Dicono addio alla messa, ma su islam e immigrati i cristiani chiedono stop

In Germania le tappe della secolarizzazione vengono scandite dall'ufficio delle imposte. Per appartenere a una Chiesa bisogna pagare la Kirchensteuer, la tassa sulla religione, che pesa circa il 9% del carico fiscale medio e che a questo si aggiunge. Solo chi è in regola con i versamenti alla propria confessione ha diritto di ricevere i sacramenti ed essere inserito nel registro dei fedeli. Chi non paga e non si è fatto iscrivere all'anagrafe come ateo o agnostico viene perseguito come evasore: ad accorgersene a suo tempo fu Luca Toni, il calciatore italiano per qualche stagione in forza al Bayern Monaco. Così, ogni anno in luglio, quando gli enti interessati pubblicano le statistiche sulle dichiarazioni dei redditi dell'anno precedente, per le chiese è tempo di bilanci: nel 2017, in soli 12 mesi, tra cattolici ed evangelici i fedeli sono diminuiti di 660mila unità, l'anno precedente la cifra era stata di poco inferiore. Non tutti si cancellano dagli elenchi ufficiali, magari per risparmiare o per scarso interesse. Molto semplicemente il calo è in buona parte frutto dell'evoluzione demografica: gli anziani credenti muoiono, i giovani non frequentano le chiese. A partecipare a una funzione religiosa almeno una volta al mese è il 22% della popolazione, per la pratica settimanale si scende sotto le due cifre.

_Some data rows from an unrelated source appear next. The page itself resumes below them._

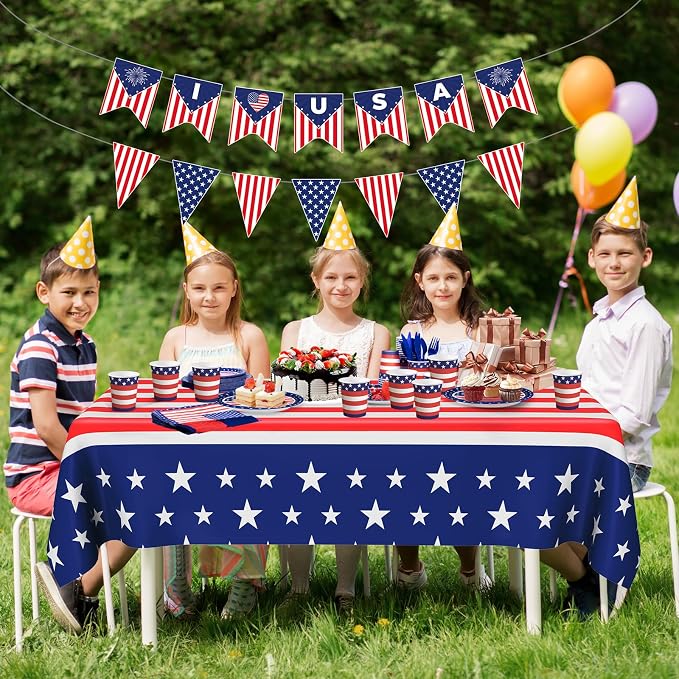 Cecnamt American Flag Themed Party Decorations, 170 Pcs Patriotic Party Decorations Including Banner, Plates, Cups, Napkins, Cutlery, Straws and Tablecloths, Serves 24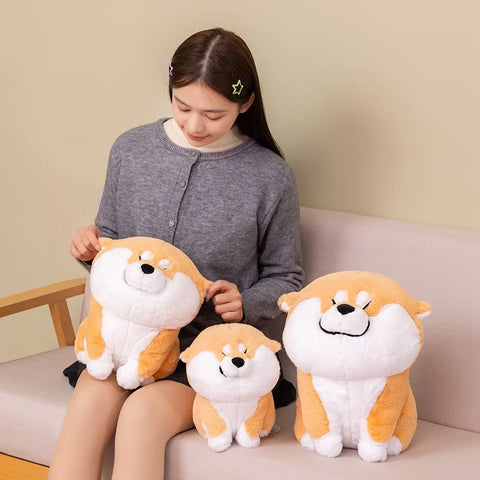 Adorable Shiba Inu Plush Toy – Lying Puppy Hug Pillow & Bed Cushion for Kids’ Gifts
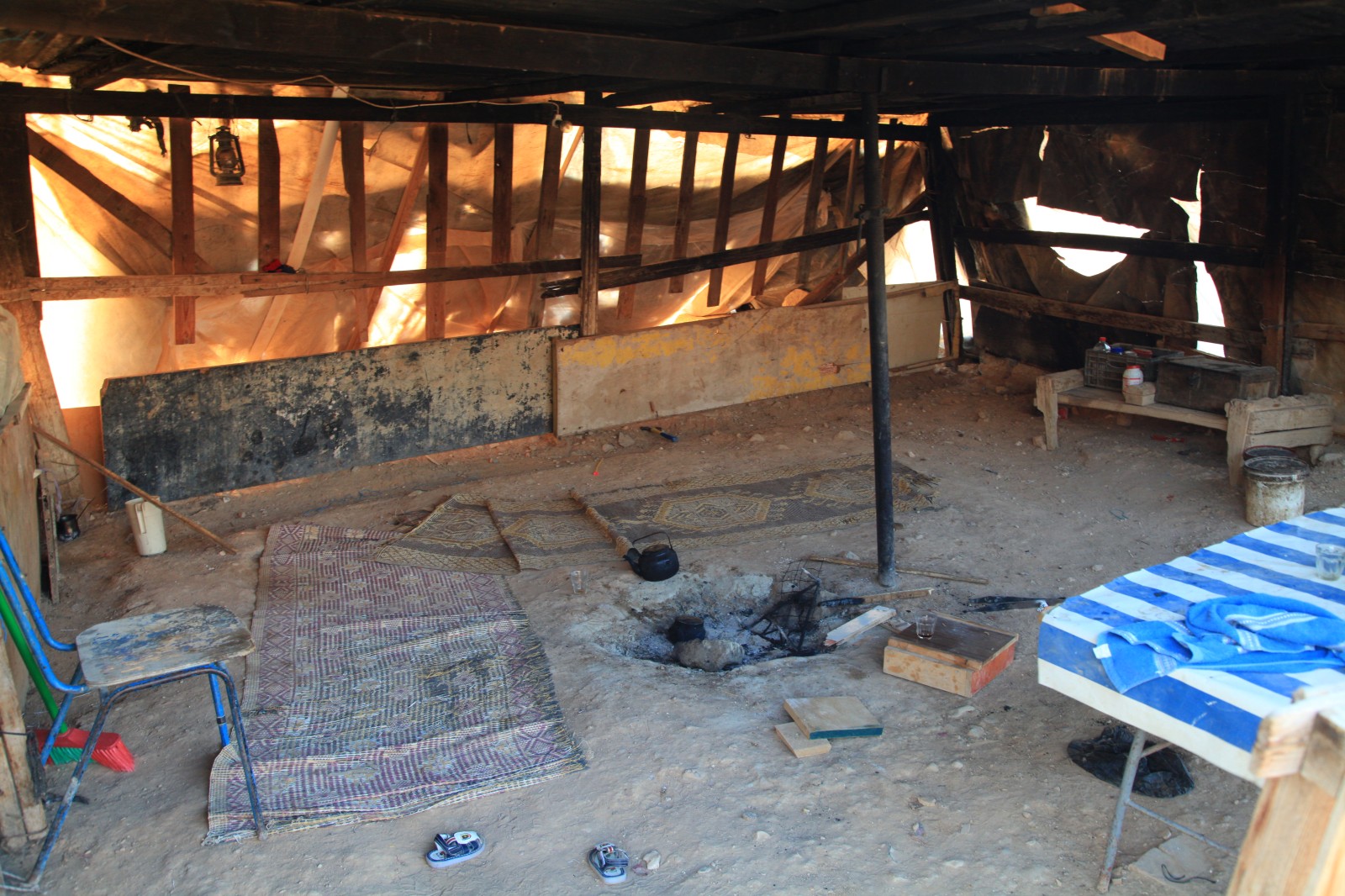 Internals of a Bedouin hut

È l'Europa senza Dio, in cui a segnare l'addio alla fede sono anche e soprattutto le nuove generazioni. «In tutto il continente i giovani adulti non si identificano più con la religione né la praticano», ha dichiarato Stephen Bullivant, professore di sociologia alla St. Mary's University di Londra, autore di una ricerca sulla religione degli under 30.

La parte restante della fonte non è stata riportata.